Reporters sans frontières (RSF) a vivement réagi à l’arrestation en Côte d’Ivoire du journaliste béninois Hugues Comlan Sossoukpè, réfugié politique au Togo depuis 2021, et à son extradition vers le Bénin, survenue dans des conditions jugées opaques et illégales.
Connu pour ses enquêtes critiques sur les autorités béninoises, Sossoukpè dirige Olofofo, un média d’investigation interdit au Bénin depuis mars dernier. Il avait fui son pays en 2019, après avoir documenté les législatives controversées de la même année. Il a obtenu l’asile politique au Togo en 2021.
Le journaliste avait été invité officiellement à Abidjan par le ministère ivoirien de la Transition numérique pour couvrir un salon régional sur l’innovation digitale. Arrivé le 8 juillet, il logeait à l’hôtel Palm Beach, un établissement appartenant au Fonds de prévoyance militaire (FPM) de Côte d’Ivoire. Il commence alors sa mission journalistique.
Mais le 10 juillet au soir, des policiers ivoiriens interviennent dans sa chambre d’hôtel. Selon les informations recueillies par RSF, il est d’abord réticent, avant d’accepter de les suivre sous la promesse d’une présentation devant un juge. Il est en réalité conduit directement à l’aéroport Félix Houphouët-Boigny, dans le salon d’honneur normalement réservé aux officiels. Il est ensuite embarqué, sans décision judiciaire, à bord d’un avion privé affrété pour l’occasion.
Arrivé à Cotonou à 22h, il est immédiatement placé en garde à vue, puis présenté à un juge d’instruction le lendemain matin. Celui-ci lui notifie un mandat d’arrêt émis par la Cour de répression des infractions économiques et du terrorisme (CRIET). Trois chefs d’accusation sont évoqués : harcèlement par système informatique, rébellion et apologie du terrorisme. Le journaliste est depuis incarcéré à la prison de Ouidah.
Son avocat, Me Serge Pognon, assure qu’il se porte bien, mais se dit profondément choqué par ce qu’il qualifie de « piège tendu » par la Côte d’Ivoire. Sossoukpè avait, ces derniers mois, alerté RSF sur des menaces récurrentes, même en exil.
RSF dénonce une arrestation illégale et une extradition contraire au droit international, son statut de réfugié étant clairement indiqué dans son passeport. « Nous exigeons des explications des autorités ivoiriennes, jusqu’ici silencieuses, et appelons à la libération immédiate du journaliste », a déclaré l’organisation. Elle accuse les autorités d’Abidjan d’avoir sciemment collaboré à une opération de répression politique transfrontalière.
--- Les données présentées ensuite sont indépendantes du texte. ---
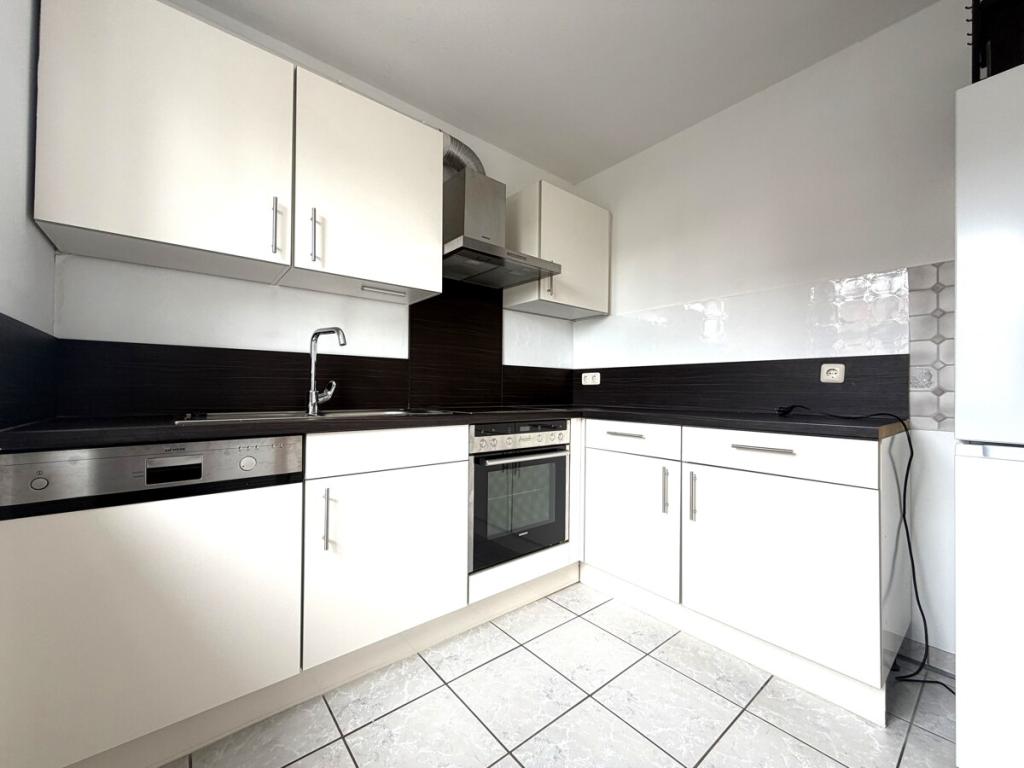 Einziehen und wohlfühlen – Helle 3-Zimmer-Wohnung mit Balkon, Einbauküche & Garage - Foto 5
Sollicité par RSF, le porte-parole du gouvernement béninois, Wilfried Léandre Houngbedji, a simplement déclaré que le journaliste « aura l’occasion de répondre des faits qui lui sont reprochés », sans commenter les conditions de son arrestation. Du côté ivoirien, le ministre de la Communication Amadou Coulibaly n’a pas donné suite aux demandes de l’organisation.